For #WorldHumanitarianDay, we’re sharing perspectives from CARE’s humanitarian workers around the world. More than 95% of CARE’s staff is from the countries where we work, and for many of them, humanitarian work hits close to home. Widad is the Team and Operations Supervisor for CARE Jordan at the Irbid Center, assisting Syrian refugees and Jordanian host communities for more than five years.
When I first started at CARE, I knew we were going to work with refugees and assess their needs, but I wasn’t really prepared for what was coming. I still recall when a young man came into the center for help. You could see the psychological toll the war in Syria had on him. He was terrified by any movement, any sound, and even by the noise of me moving my chair.
I used to let these daily stories leave work with me. I would constantly be thinking about them. So much so that for a while I felt I had to deprive myself of enjoying certain things or spending any money, because if other people can’t enjoy them, then why should I? Later, I reached a point where I found a balance. I realized that I shouldn’t deprive myself of enjoying things. I need to be able to live my life and be strong to be able to help others.

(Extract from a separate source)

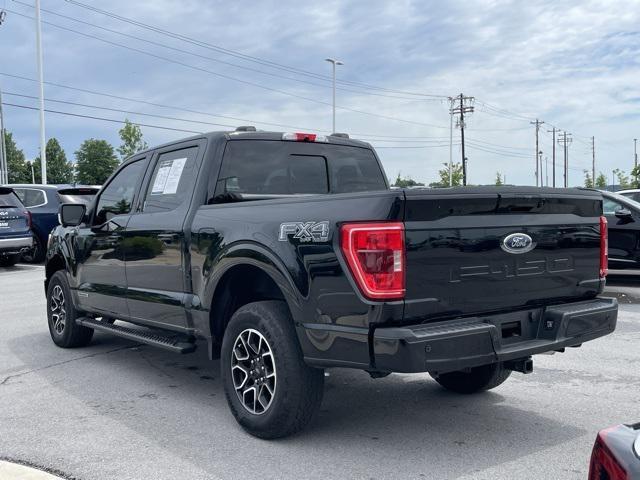 used 2022 Ford F-150 car, priced at $36,250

The consequences of the Syria crisis and refugee influx on the northern city of Irbid, which is close to the Jordan-Syria border, started to become visible around 2012. There was, and still is, a population explosion that all but depleted the city’s resources. But Jordanians were incredibly sympathetic toward their Syrian refugee neighbors, willing to help in any way.
The situation started to change mainly because of limited job opportunities. You could tell it had become more competitive. I’ve heard several people complain about going grocery shopping and seeing refugees with full shopping carts, since they would use their food vouchers at once, while they would only be able to afford one or two items. That sentiment began to change once NGOs started working with both refugees and host communities in Irbid. There was no longer a sense of jealousy or a feeling that the refugees were getting all the assistance.